A man who was “five seconds from drowning” in the Thames was rescued by lifeguards last week, just as a national campaign was launched to prevent people drowning.
Volunteers from the Royal National Lifeboat Institution (RNLI) were called at 5am on May 25 to reports of a man battling to stay afloat in the river by Blackfriars Bridge.
The 36-year-old was spotted by the crew of a Thames Clipper crew.
Craig Burn, helm of Tower RNLI lifeboat crew, said: “His head went under and all we could see was an arm and hand as he was struggling.
“We were reaching out for him and his head came up again, and my crew grabbed his flailing arm and pulled him aboard the lifeboat.
“He was probably five seconds away from drowning.
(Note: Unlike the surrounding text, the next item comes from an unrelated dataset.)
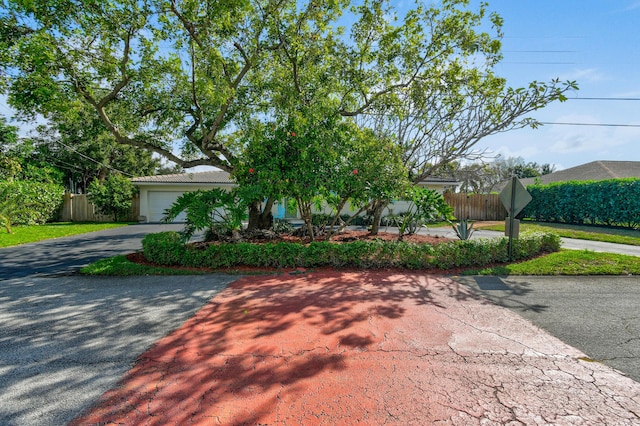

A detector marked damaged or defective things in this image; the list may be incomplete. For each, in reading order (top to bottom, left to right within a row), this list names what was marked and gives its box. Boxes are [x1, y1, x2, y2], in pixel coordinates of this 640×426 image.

cracked pavement [70, 272, 640, 424]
Given his temperature and the water he had ingested, if we hadn’t got him there and then, he’d have gone under.”
He added that the 36-year-old, who could not be identified, was wearing black clothing and had black hair, which made him all the more difficult to spot in the early morning light.
He was treated on board the lifeboat for cold and water inhalation, and was taken back to the lifeboat station for London Ambulance Service paramedics and the Met Police’s Marine Unit to take over.
The London Ambulance Service confirmed he was taken to hospital, but was not treated at a major trauma centre, and blue lights were not used by the ambulance.
The rescue by chance happened on the same day the RNLI launched its ‘Respect the Water’ campaign, which aims to inform the public of how to deal with the potentially fatal effects of cold-water shock.
The RNLI recommends you should focus on floating until the effect of cold-water shock passes, so you can catch your breath and swim or call for help.
The campaign is targeted at adult men, who account for 79 per cent of drowning fatalities in the Thames over the past five years.
Neither the RNLI nor the LAS were able to confirm how the man had come to be in the water.